Janitzio Plaza Playground
There’s even a playground up there!
View from Janitzio
At the top we just had to take a minute to soak it all in. (and catch our breath)

After spending a few minutes relaxing, soaking in the views and playing on the swings (well, one of us played on the swings) we noticed something important (and awesome) – you can climb the Morelos Monument! That’s right, this huge statue was also a museum. As cool as it was on the outside, the inside really made the trip. The entire interior is covered with murals depicting scenes from the Mexican revolution and even if you’re not a history nerd they’re definitely worth seeing.

Of course there is one catch, you have to climb to see them.

Morelos Monument
Looking up the interior of the monument, not what I expected from the outside!

I may be a fan of boats, lakes, history and many other things but one thing I’m not a fan of? Heights. Nope. No sir, I don’t like ’em.

Morelos Murals Janitzio
We’re going up how far up? And no, no I’m not getting any closer to that edge.

Given the fact that my legs and hands were almost as shaky as my Spanish (from the climb, certainly not fear) I didn’t spend a lot of time reading each mural but they were very detailed and very cool. Upon reaching the “top” we realized we weren’t done yet, we had what appeared to be a spiral staircase to an abandoned lighthouse above us. A lighthouse? I don’t remember any lighthouses around here. Oh well, we’ve come this far so why not? And up we went.

Morelos Janitzio Stairs
These guys aren’t as easy as they look but at least there was a railing. Oh, wait…

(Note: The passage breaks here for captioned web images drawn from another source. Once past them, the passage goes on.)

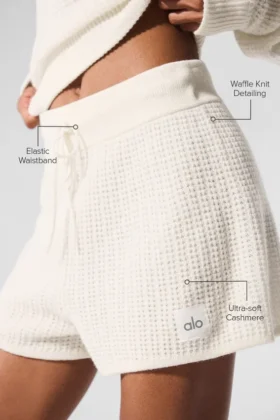 Cashmere High-Waist Plush Waffle Short – Ivory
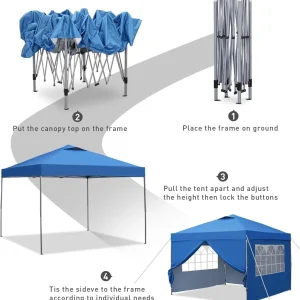 GDY 10x10 Pop Up Canopy Tent, Outdoor Canopy Tent, Patio Tent,Commercial Instant Gazebos,4 Sidewalls, Portable Shelter Canopies, with 4 sandbags, Blue.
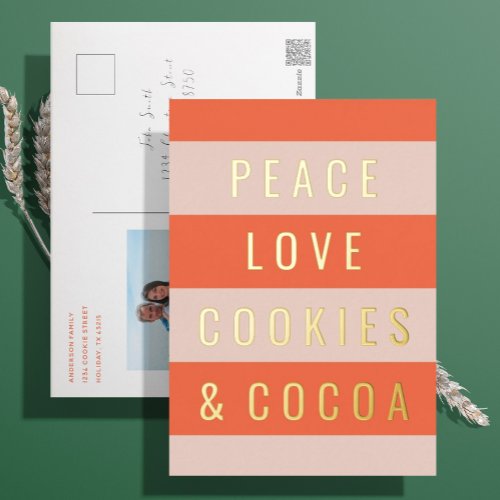 Peace  Cocoa Gold Foil Holiday Postcard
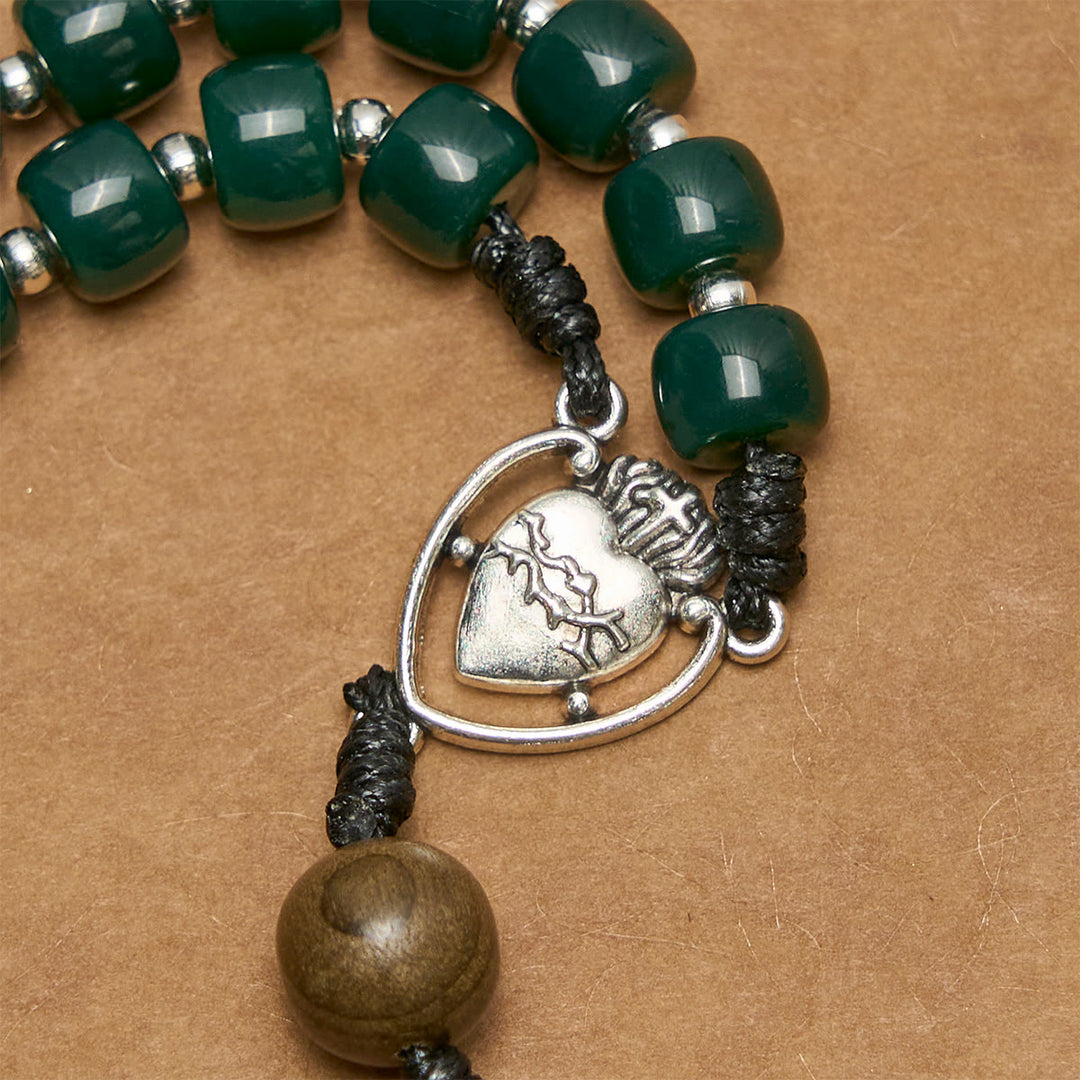 Christianartworkshop Matte Green Cube Beads Rosary with Sacred Heart of Jesus & Celtic Cross - image 7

Turns out there wasn’t a lighthouse after all, we were in Morelos’ upraised rock fist surrounded by glass panels. That certainly made a lot more sense than a lighthouse, but it didn’t make it any less freaky, so after a quick look around I descended (very, very quickly) back to the realm of sanity.

If you’re a fan of boats, lakes, history, cool old towns and/or heights then a trip Janitzio Island is definitely something you should add to your bucket list. I know we’ll be back but if I have my way we’ll skip the fist and just make sure to be here for the party.